今回は中西翔大くんーーショウちゃんと色々頑張るよ!


あ、あたしのことは過去の依頼で確認してねぇ!


今回もよろしくね!

祐太朗、鈴木祐太朗だ。

何度もいわせんな、マヌケ

なかにししょーたです。


五才です。


好きなたべものは、ハンバーグです。


よろしくおねがいします。

はぁ?    何?


あたし?    中西瑠菜。


てか、関係なくねぇ?

おれ?    ストヘルのギターの浅見優也。


ま、おれみたいな才能溢れる奴と知り合いになれるだけ、ありがたく思えよ。


その内ぜってぇビッグになるからよ。

本郷慎也だ。


『地獄変』のリーダーで、夜はバーを経営する経営者兼バーテンだ。


ここ最近、あまり五村の治安がよくねぇ。それもこれも全部、江田の新興勢力のせいだ。ウザッてぇ。


おまけに変な刑事はおれらのことを嗅ぎ回ってる。


おれにケンカを売るってことはーーわかってるな?

ライヴハウス『サンダーロード』を経営しております、水野です。


一応、祐太朗くんとは十五年くらい前からの知り合いではあります。


ここにきて久しぶりに祐太朗くんと会いましたが、変わってなくて安心しました。


しかし、彼のいう通り、時代は変わってしまいましたね。寂しい限りです。


どうか、機会があれば今後もよろしくお願い致します。

また自己紹介か。


弓永龍だ。

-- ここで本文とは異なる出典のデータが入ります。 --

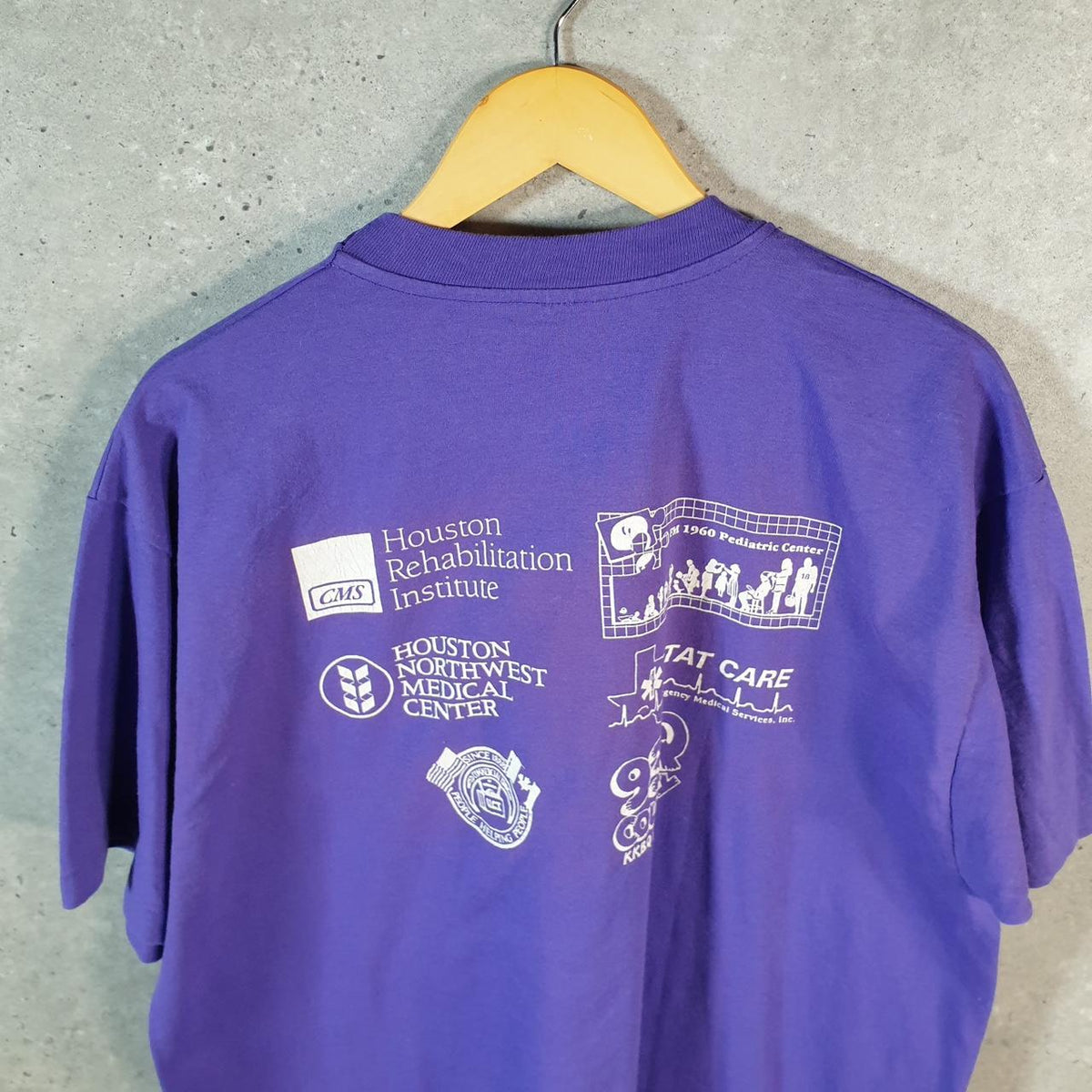 Vintage Hanes Texas 5k Run Olympics 1992 USA Single Stitch T Shirt Men’s XL Purple C8746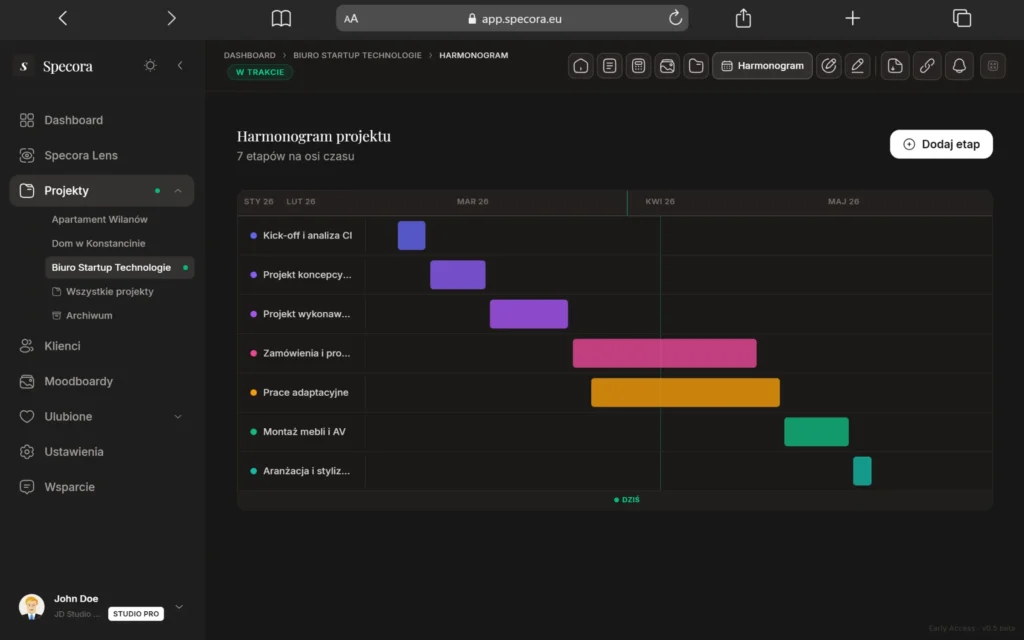 Harmonogram projektu wnętrz – zarządzanie timeline, etapami realizacji i terminami w programie dla projektantów wnętrz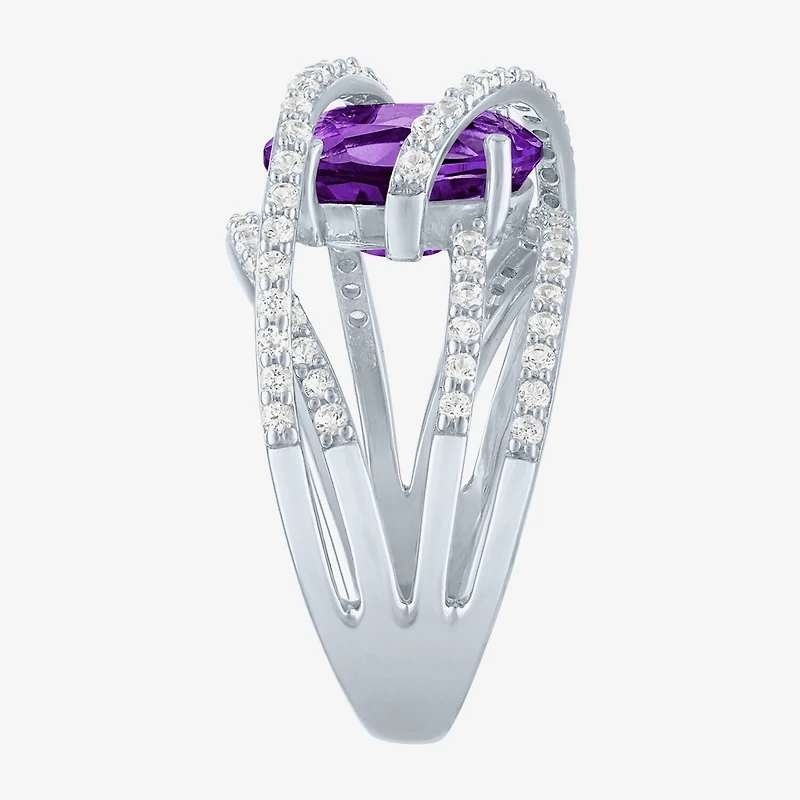 Womens Genuine Purple Amethyst Sterling Silver Cocktail Ring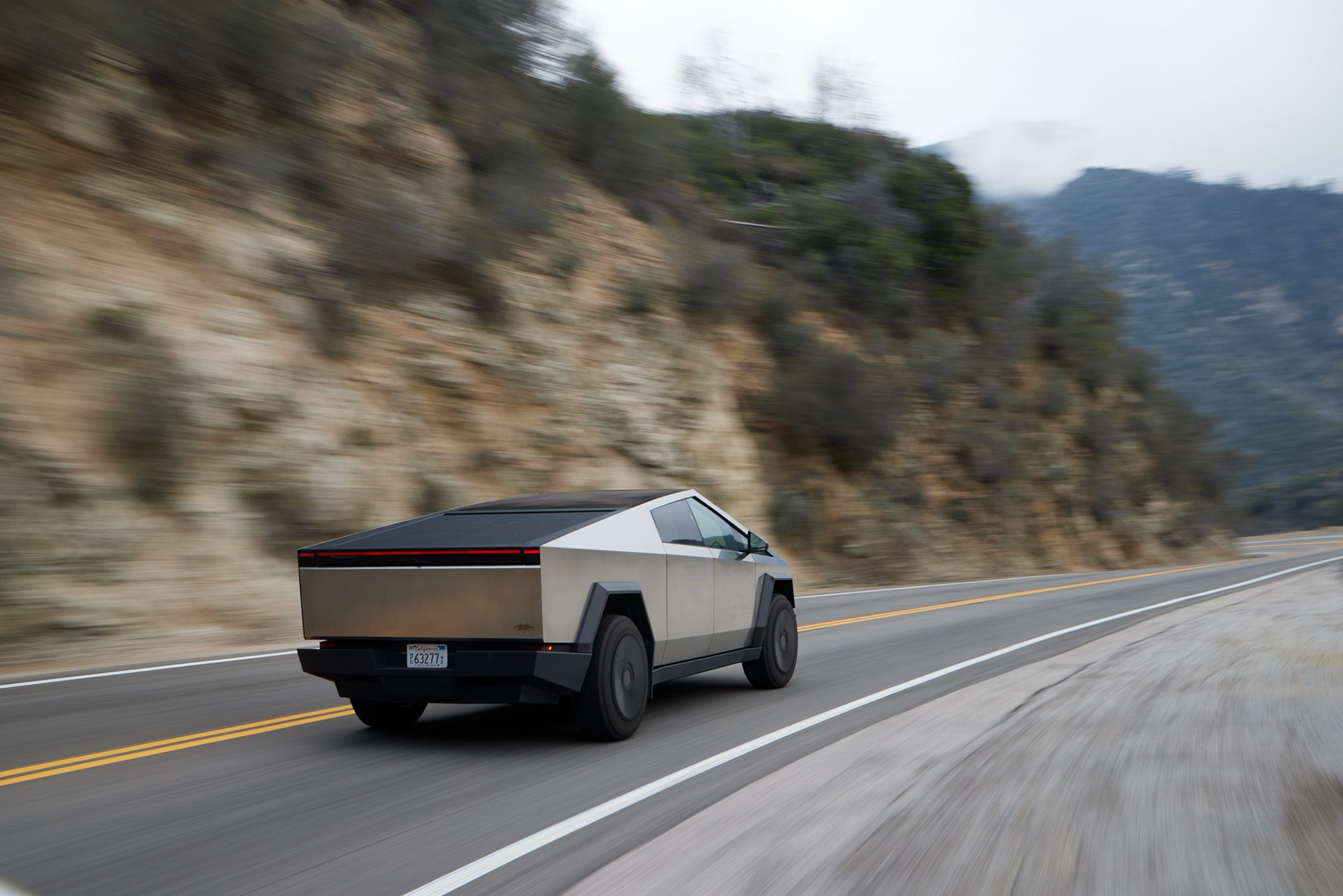 Tesla Cybertruck on a mountain road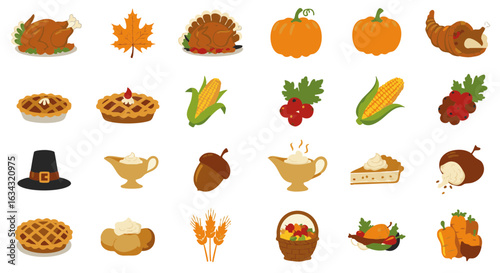 Thanksgiving symbols flat icon set with turkey pie and harvest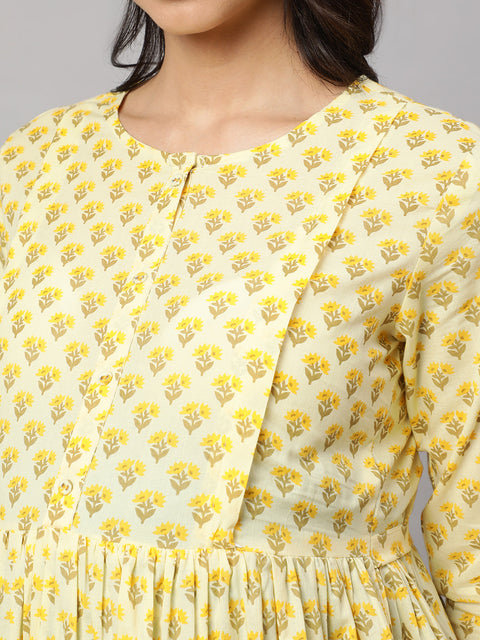 Women Cream Printed Maternity Dress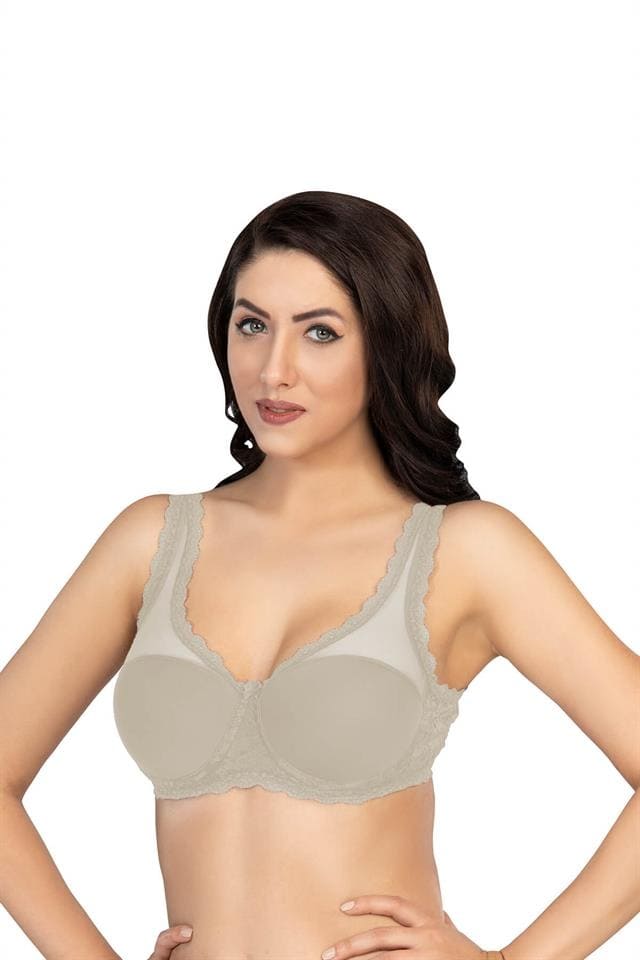 Pedli Dantelli Balenli Minimizer Sütyen Bordo Emay 172 - Ekru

所属や何かは過去のアーカイブを参照してくれ。


今回の事件は、過去の交通事故をキッカケに起こったあまり嬉しくない事件だ。


まぁ、事件が起きて嬉しい奴なんかいないだろうけどさ。


しかし、最近は何かと酷いな。祐太朗もいってたけど、色んなことが乱れてる。


何とかしたいもんだね。


ま、今回もよろしく。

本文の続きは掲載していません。